Despite the variety of companies and institutions from which this data sample was drawn, the definition of ethical sourcing is relatively uniform. Messages about sourcing on product packaging and marketing materials tend to reference price paid to producers, programs and projects at origin to ensure community and supply-chain sustainability, pre-financing and long-term direct relationships with farmers, and farmer empowerment. Ethical coffee is framed as a response to bad conditions and unmet needs in coffee growing communities, and consumers and coffee companies are positioned as ethical actors who help producers.

A market-based solution for the problems and hardships faced by producers of course requires consumer participation. In keeping with this logic, a consumer-driven model of change that positions consumers as saviors (and thus ethical actors) is trumpeted throughout the data.

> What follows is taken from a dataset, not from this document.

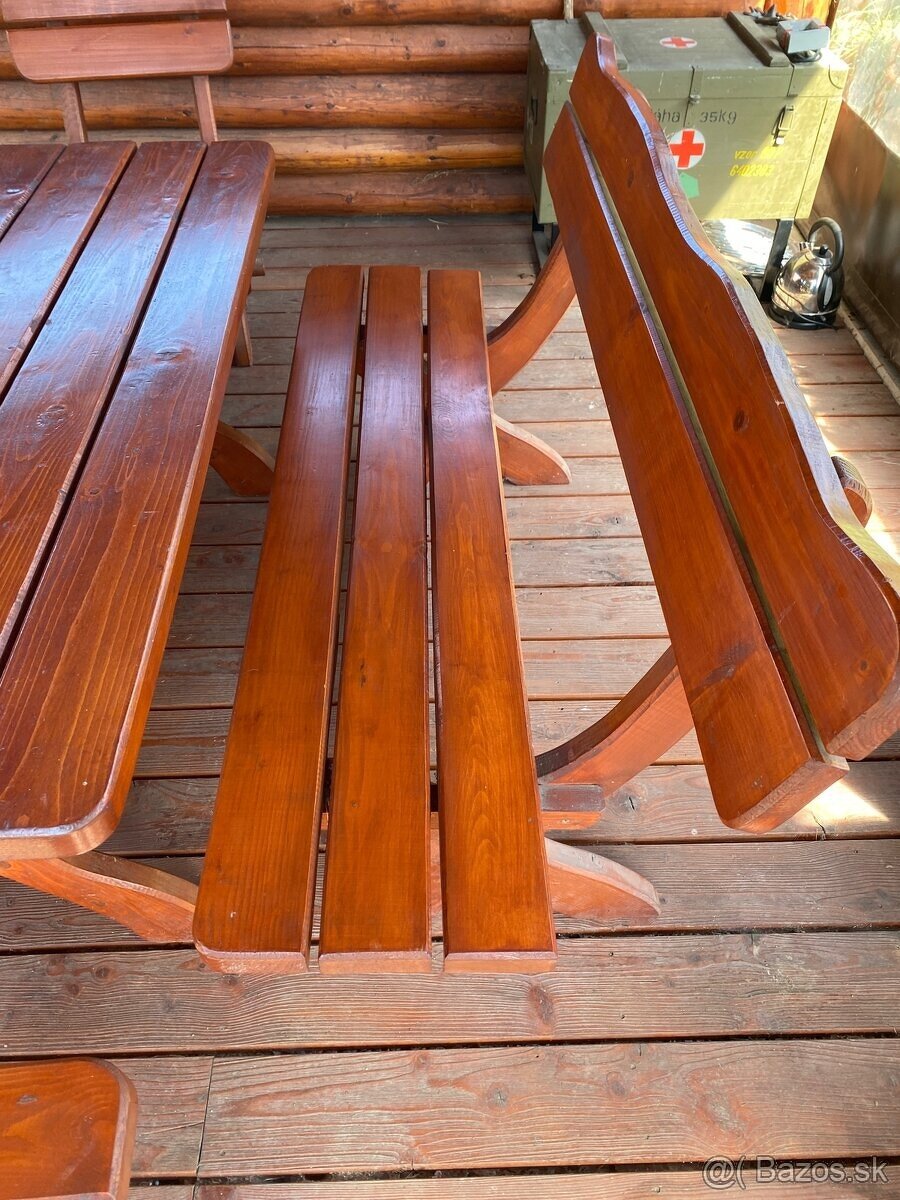 Záhradné sedenie - set - 5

On a package of its coffee, Celestial Seasonings explains, “By choosing this Fair Trade Certified coffee, you are directly contributing to the livelihood of coffee growing communities.” Green Mountain Coffee Roasters sums up this sentiment on a package of their coffee with these words: “What ends up in your cup is simply pure, fresh and fabulous coffee. It’s the taste of a better world.”

Descriptions of laborers that draw on colonial tropes of need and market-based development work together with discourses of racial and cultural difference to construct the laborer as fundamentally different from the consumer, with different needs and standards of living. Such discourses frame laborers as in need of no more than the minimum things required for a basic standard of living, and assures that the practices of the business allow these conditions to be achieved. Thus what the predominantly white northern consumer as psychic tourist sees through this narrative is an image of a happy, cooperative, and leisurely brown producer that fits well within the logics of neoliberal market-based development models. It seems that also what is sold is a promise of fixity of producers and their communities, in terms of sustainability, social status, and geographical placement. Happy producers and beautiful, preserved places are sold by this narrative, which truly does offer consumers “the taste of a better world.”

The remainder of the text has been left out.